Il lui avait raconté combien cet animal, plus que tout autre, l'avait changé, lui avait montré ce qu'était la bonté, que le bien pouvait se trouver en toute chose et qu'il importait de le propager.
Le chasseur hautain, orgueilleux, trop fier de ses exploits était devenu juste, il avait alors su ce qu'était être réellement courageux. Comment se battre pour ses convictions était importants, plus que jamais ne pourraient l'être ses motivations personnelles.
Il n'avait jamais conçus vraiment pourquoi la contemplation de ces grands yeux sombres l'avait mené à comprendre ce que serait inévitablement sa quête plus tard, guidé par les enseignements de leurs ancêtres d'Arlathan, le savoir presque perdu que leur avaient légué les Dieux. Il avait attribué cette impression à sa tâche qui, en tant que chasseur issu du clan Lavellan, le destinait à approvisionner le camp, à guider les autres chasseurs, afin de leur permettre de pourvoir aux besoins des leurs, des familles qui dépendaient de leurs journées passées dans la nature, à traquer les petites comme les grandes proies dans le but de répondre aux besoins essentiels en nourritures des leurs. Ses parents, fiers guerriers aujourd'hui disparus, ne lui avaient-ils pas donné ce nom pour une bonne raison? Ghi'lan, Guide, professeur… Il s'était évertué à accomplir la tâche qu'incombait ce prénom de la meilleure des façons. Mais trop tard peut-être pour que l'élue de son cœur ne le remarque…
Elle avait cette beauté, cette justesse d'esprit et de jugement qui n'avaient été accordées qu'à quelques privilégiés à travers l'histoire des leurs. Et il avait eu l'orgueil infantile nécessaire pour anéantir tout espoir de pouvoir un jour ne faire qu'un avec cette Elfe qui n'avait cessé de capter son regard que tant d'autres femmes en âge de chercher partenaire cherchaient. Et, selon toute la logique du monde, elle avait été choisie Première Apprentie de l'Archiviste Deshanna. Titre convoité par tant des leurs, mais mérité par bien peu d'entre eux.
Pourquoi avait-il été si sot? Si convaincu de sa supériorité manifeste et irrésistible dans sa prime jeunesse? Pourquoi n'avait-il pas pu se montrer vertueux, attirer ce regard semblable aux étangs calmes, aux côtes maritimes rêveuses que seuls les été calmes pouvaient amener?
Cette Halh étonnante, plus humaine, plus sensible que tant d'êtres qui se disaient pourtant doté des plus sincères émotions, lui avait révélé cette partie de lui que trop longtemps il avait cachée.
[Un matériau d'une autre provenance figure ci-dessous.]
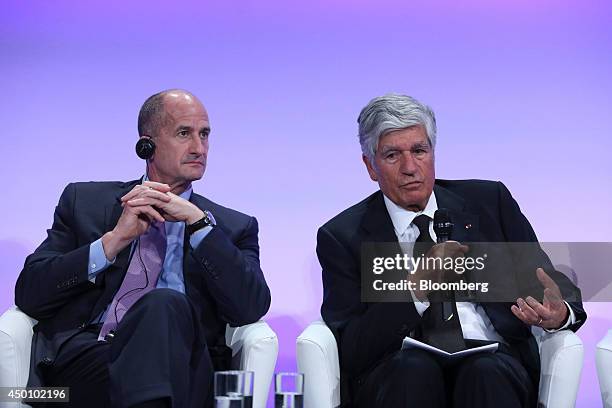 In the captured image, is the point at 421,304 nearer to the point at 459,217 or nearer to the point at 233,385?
the point at 459,217

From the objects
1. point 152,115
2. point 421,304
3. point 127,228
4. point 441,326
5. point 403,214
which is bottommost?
point 441,326

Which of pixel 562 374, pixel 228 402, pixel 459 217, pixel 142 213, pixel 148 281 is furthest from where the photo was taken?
pixel 459 217

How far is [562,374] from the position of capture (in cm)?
296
Cette sensibilité qui avait émue Syl'dhea, Sylë comme il avait pris plaisir à l'appeler, par malice, puis par attachement, affection même. Il lui avait révélé tout cela, sous le regard bienveillant de leur amie qui s'était doucement éteinte, sa majestueuse tête appuyée contre leurs genoux, une lueur d'espoir face à un avenir moins sombre qu'il ne se présageait de prime abord au fond de ses yeux sombres qui tranquillement perdaient leur éclat, rejoignant les astres millénaires qui évoluaient, loin au-delà de leurs têtes, aux confins des voûtes stellaires.
Et Sylë avait compris que derrière ce masque bravache se cachait un chasseur Dalatien plein d'empathie, pour lequel les intérêts du clan Lavellan étaient la mission principale, l'objectif de vie qu'il s'était fixé. Rien ne lui ferait plus mal que d'être un affront, une honte à demi-tue pour les siens. Et elle avait commencé à l'apprécié, l'avait connu un peu plus et affectionné graduellement de jour-en-jour, avant de, finalement, l'aimer d'amour. D'un amour plus que réciproque.
Le Vent du Matin avait aimé le Guide des siens qui lui manifestait son attachement depuis moult moments, depuis des mois qu'il n'avait eu de cesse de dénombrer.
Le plus illustre chasseur du clan Lavellan s'était alors fiancé à la talentueuse Première Apprentie de l'Archiviste. On n'aurait pu rêver d'un couple plus digne pour assurer la pérennité des leurs.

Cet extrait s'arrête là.